BayesianOptimisation requires at least one evaluation module placed upstream from which the current QS can be obtained. BayesianOptimisation allows the combination of the two evaluation modules, with weighting of contribution to the joint current QS explicitly defined by the user. The BayesianOptimisation module also provides full customization of the image processing modules and settings to be optimised using the BO algorithm. Even settings within object identification modules (e.g. IdentifySecondaryObject (e.g. threshold correction factor or adaptive window value) can be optimised by the BO process. In principle, any parameters or settings with integer and float values in modules upstream of the BayesianOptimization module can be optimised by the BO process. BayesianOptimisation also gives the user control of the BO process, including setting the maximum number of iterations of BO.

Together, the evaluation and BayesianOptimisation modules aim to minimise the gap between the current QS and target QS by automatically changing pipeline configuration. A pop-up window shows the deviance of current from target QS at every iteration of the BO process (Fig. 2). The BO process iterates until the current QS matches the target QS (i.e. quality gap = 0) or the maximum number of iterations specified by the user has been attained.

Fig 2.

Visualisation of the BO process at every iteration. (A) Scatterplot showing the progress of reducing the quality gap between the current QS and target QS (y axis) across increasing number of BO iterations (x axis). The optimum pipeline configuration is achieved when the quality gap reaches 0 or when the current QS matches or exceeds the target QS. (B) Table showing the parameter settings that minimises the deviance between current and target QS, was tested in the previous iteration, and is tested in the current iteration. The table updates at every iteration of the BO process.

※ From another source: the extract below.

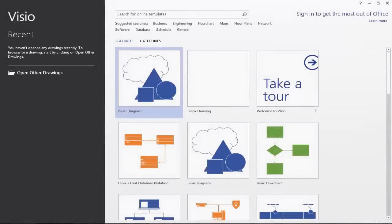Good day, everyone. This is Dr. Soper here, and today I will be giving you a brief tutorial on how to create entity relationship diagrams using Microsoft Visio 2013.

Bayesian Optimisation algorithm

At the core of the BayesianOptimisation module is a custom version of a BO algorithm [6–8]. BO relies on a surrogate function/model that represents and provides calibrated predictive distributions for the quality score (QS), y, for a given pipeline configuration, x. We define the surrogate model, f (x), mapping from configuration to QS as a Bayesian regression model with a Gaussian likelihood, 𝒩 (y|f (x), σ_n), with a Gaussian process (GP) prior on f such that f ∼ 𝒢𝒫(m(x), k(x, x′) | θ_𝒢𝒫) [9]. The GP is defined by the effective mean function, m(x) = 0, and chosen covariance function where the hyperparameters are collected in θ = {σ_n, σ_f, σ_ℓ}. Given the GP and a training set, D = {(x, y)^1:N}, containing a certain pipeline configuration and its corresponding QS, the predictive distribution for any pipeline configuration, x*, is directly available as p(y*|x*, D, θ). This allows us to estimate both the expected QS and its uncertainty for all unseen configurations. For simplicity, we have defined the model without priors on the hyperparameters and we do marginal likelihood optimisation of the hyperparameters (after an initial bootstrap phase). However, some BO algorithm hyperparameters and GP parameters (e.g. the length scale of the covariance function and the assumed noise level) can be customised in the BayesianOptimisation module.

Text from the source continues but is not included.